Last year in Oregon, 40 doctors prescribed lethal doses to 60 patients. Thirty-five patients ingested the medication and died. Thirteen died of their underlying illnesses. Earlier this year, one patient survived the medication and then succumbed to his illness.

Of the 208 patients who committed suicide with prescribed medication between 1998 and the end of 2004, 61 percent of them attended college and 43 percent were married at the time of their suicide. The large majority suffered with cancer.

Similar legislation was introduced in this state in 1995 and 1999, and as it has in the past, the issue is taking on a partisan bent. Republican Assemblyman and Judiciary Committee Member Ray Haynes, R-Murietta, said Monday that the bill would not help competent patients so much as endanger disabled and mentally incapacitated people at the mercy of caregivers.

“I think it establishes a really bad precedent by basically telling people that we don’t want you anymore so you should go ahead and kill yourself,” Haynes said. “The burden falls disproportionately on the disabled and the old and turns into a situation where doctors and family members are making decisions without the patient’s knowledge.”

Giving competent people the right to physician assisted suicide, Haynes said, would allow caretakers with power of attorney to make that same decision on behalf of incompetent patients.

“The state of the law gives a conservator the right to make that decision,” he said. “This isn’t about people like Terry Schiavo and this isn’t about competent people, it’s about those marginal people who are difficult to care for and someone is tired of taking care of them.”

Salinas said he has not made his mind up about the bill, but other local Democrats expressed strong support for it, including Sally Lieber, D-Mountain View, who is also a member of the Judiciary Committee.

“I’m definitely going to support it,” Lieber said. “I think that government shouldn’t interfere with the most intimate details of people’s lives. We need to get government out of the business of making the most personal choices for people.”

State Senator Elaine Alquist, D-San Jose, said she will vote for the bill if it reaches the Senate.

“Although my religious beliefs guide me in a different direction,” Alquist said. “I believe in self-determination and the right of the individual to make his or her own decisions.”

When she was in the Assembly, Alquist authored AB 891, a 1999 law that requires nursing homes to offer residents the option to write a living will, which clearly lays out the extent of treatment a patient would want to be kept alive.

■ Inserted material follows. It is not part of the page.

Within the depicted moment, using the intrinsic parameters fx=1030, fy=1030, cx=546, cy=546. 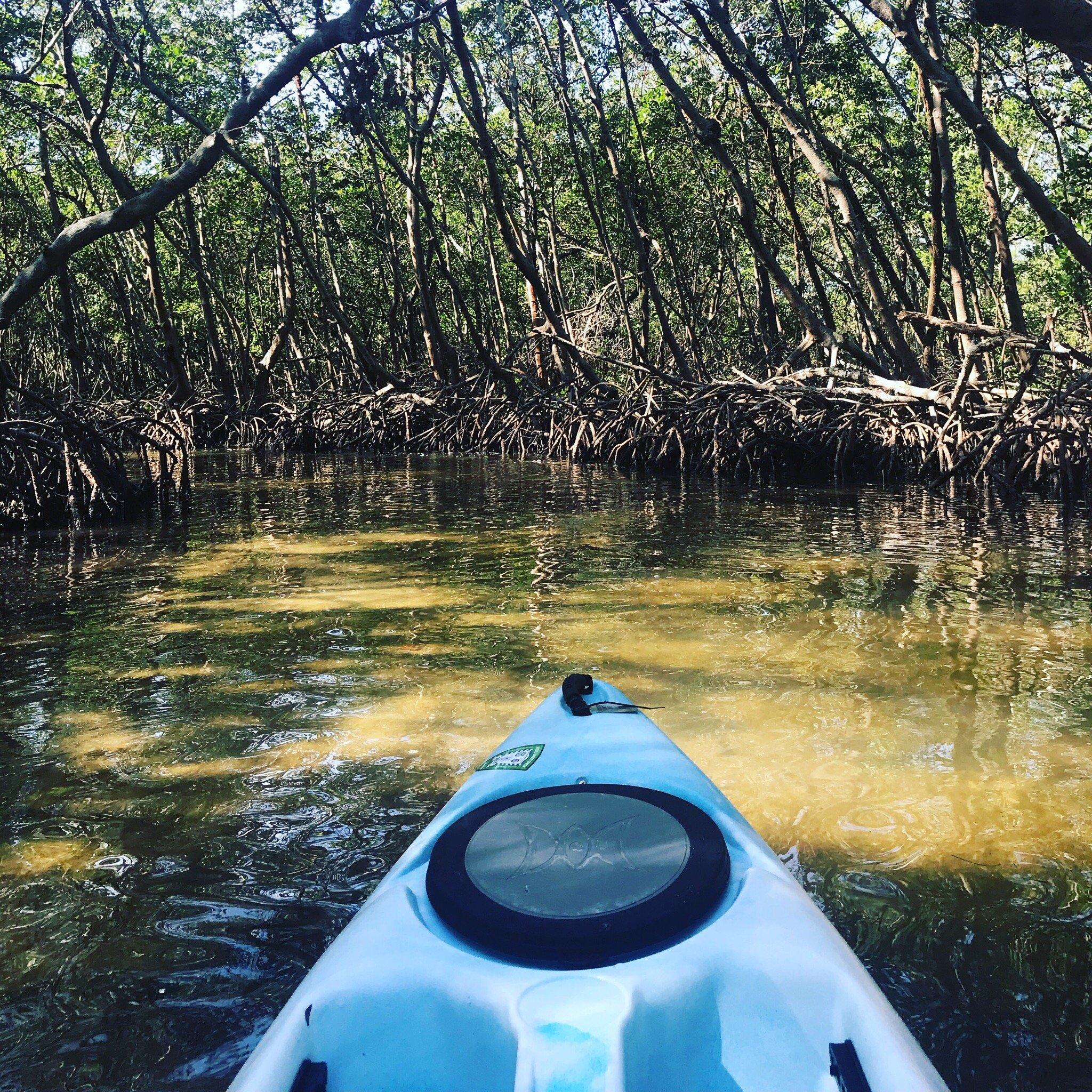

Jerry Hunter, executive director of Gilroy Healthcare and Rehabilitation Center, said that such directives are still unusual, and that he has not seen a spike in demand despite the massive attention given Schiavo, whose case hinged on her lack of a living will.

“We’ve seen an increase in awareness, but it’s still not the norm,” he said. He also said he didn’t expect the medical community to embrace AB 654.

“It’s onerous,” Hunter said. “It’s not that it doesn’t have merit, but it’s a very complicated process, and as busy as physicians are, and with the possible legal implications, I doubt, frankly, you’ll have overall agreement.”

Several South County doctors contacted for this story either declined comment or did not return phone calls.